Property Rights: Carved in Stone or Written in Sand?

Florida BeachfrontProperty owners rely on the protection afforded by the Takings Clause of the Fifth Amendment to the U. S. Constitution to shield them against the government improperly interfering with their property rights. The Takings Clause requires “just compensation” to be given to the property owner if the government takes property for public use. For example, if the government takes a person’s land to build a public park, the government must pay him the value of the land. A decision this month by the U.S. Supreme Court adds new uncertainty to that protection by ruling that the property owner must show that the property right allegedly taken was sufficiently “established” under state law.

In Stop the Beach Renourishment, Inc. v. Florida Dept of Environmental Protection, No. 08-1151 (June 17, 2010), the Supreme Court decided that Florida can interfere with an owner’s waterfront property rights without paying them compensation. Under Florida law, land seaward of the mean high-water line is owned by the state. That means that owners of beachfront property do not actually own all of the land in front of their property, they only own the land that is not sometimes under the water. This still gave beachfront property owners effectively exclusive access to the water because all of the state-owned land was under water at high tide and only a strip of it was above water at low tide.

In 2003, two Florida cities wanted to deposit sand along the beaches to extend the beaches seaward. This new land would belong to the state, and the people who had previously owned private beachfront property would no longer have ocean-front property but would instead have their property separated from the ocean by a public beach. Owners of beachfront properties challenged the cities’ actions in state court, arguing that it was an unconstitutional “taking” of their property because it took away their right to have waterfront property.
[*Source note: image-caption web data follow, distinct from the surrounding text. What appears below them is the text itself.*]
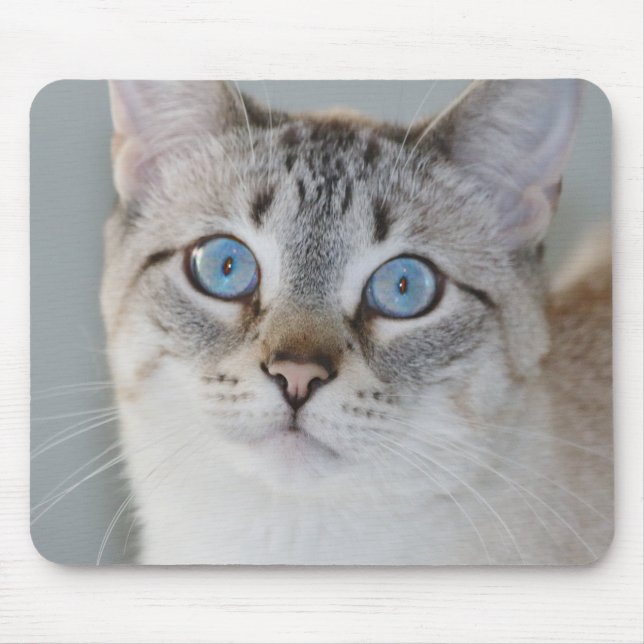 Tapis de souris siamois tigré argenté (Devant)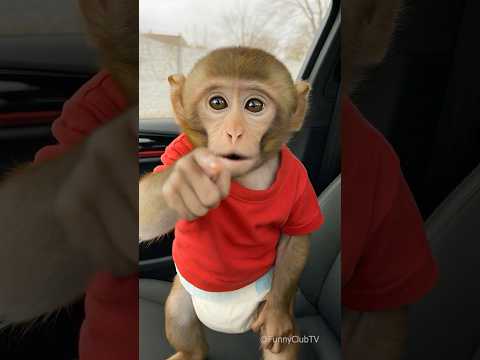 قرد صغير في السيارة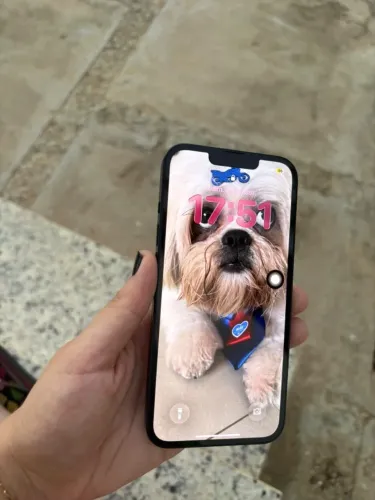 iPhone 13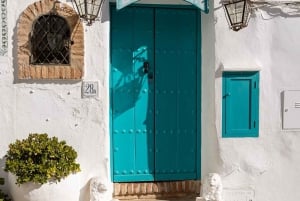 Nerja, Frigiliana e El Acebuchal: tour semi-privato di un giorno intero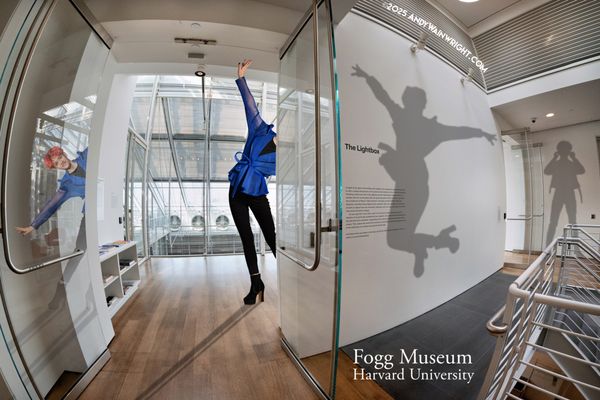 Harvard Art Museums by null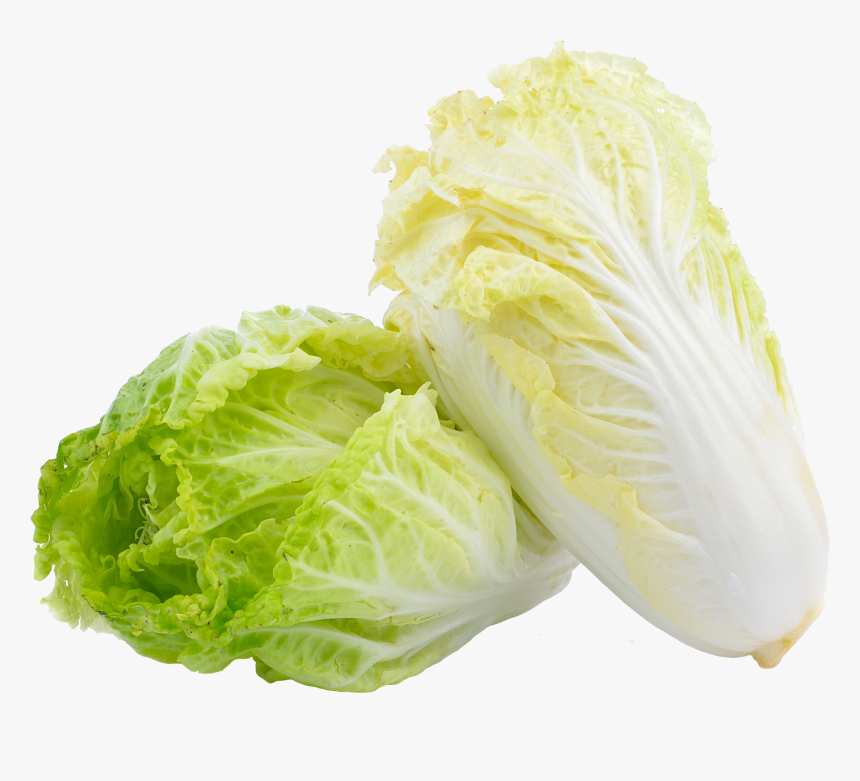 Detail Cabbage Transparent Nomer 43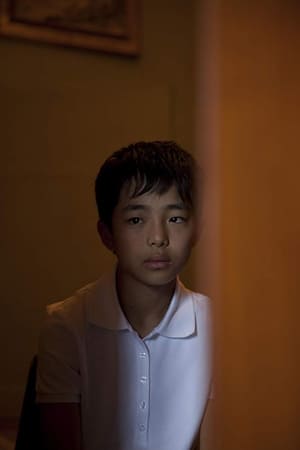 A Boy Inside the Boy海报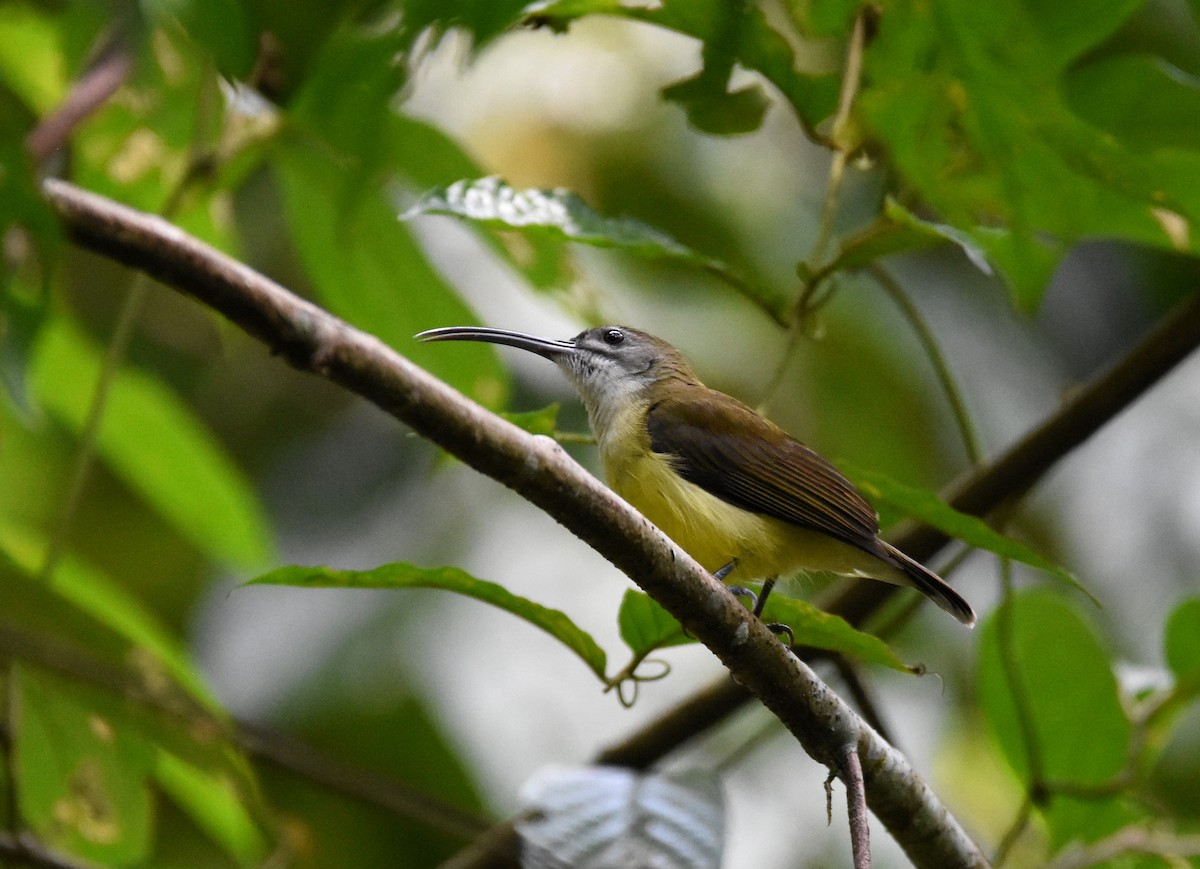 Little Spiderhunter - ML643221740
The U.S. Supreme Court upheld the Florida Supreme Court’s rejection of this argument.

The court determined that it was not a taking because Florida law did not sufficiently recognize the claimed rights to waterfront property. The U.S. Supreme Court stated that “what counts is not whether there is precedent for the allegedly confiscatory decision, but whether the property right allegedly taken was established.” “The Takings Clause only protects property rights as they are established under state law, not as they might have been established or ought to have been established.” In other words, if the state law does not sufficiently recognize a property right, then the property owner is out of luck.

In Lucas v. South Carolina Coastal Council, 505 U. S. 1003, 1028–1029 (1992), the U. S. Supreme Court focused on “background principles of state property law” as a critical basis for determining whether governmental action constitutes an unconstitutional taking of private property. In Stop the Beach, the court took it a step further by finding that, if the property right is not sufficiently “established” under state law, there is no Constitutional protection. Unfortunately, the court did not give any clear guidance as to how to determine whether the property right is sufficiently established under state law. The court also put the burden on the property owner to prove that, before the state interfered with their property right, the state’s law recognized that the property owner had rights “superior” to the state’s rights. That requirement can never be satisfied. Under the Takings Clause, the government’s power is always superior; the purpose of the Takings Clause is to ensure that, when the state exercises its admittedly superior power, the government must pay compensation. The second wild card in Stop the Beach is absence of any standard for deciding whether a “close question” in a particular case is sufficient to “establish” a property right or, instead, is an insufficient showing.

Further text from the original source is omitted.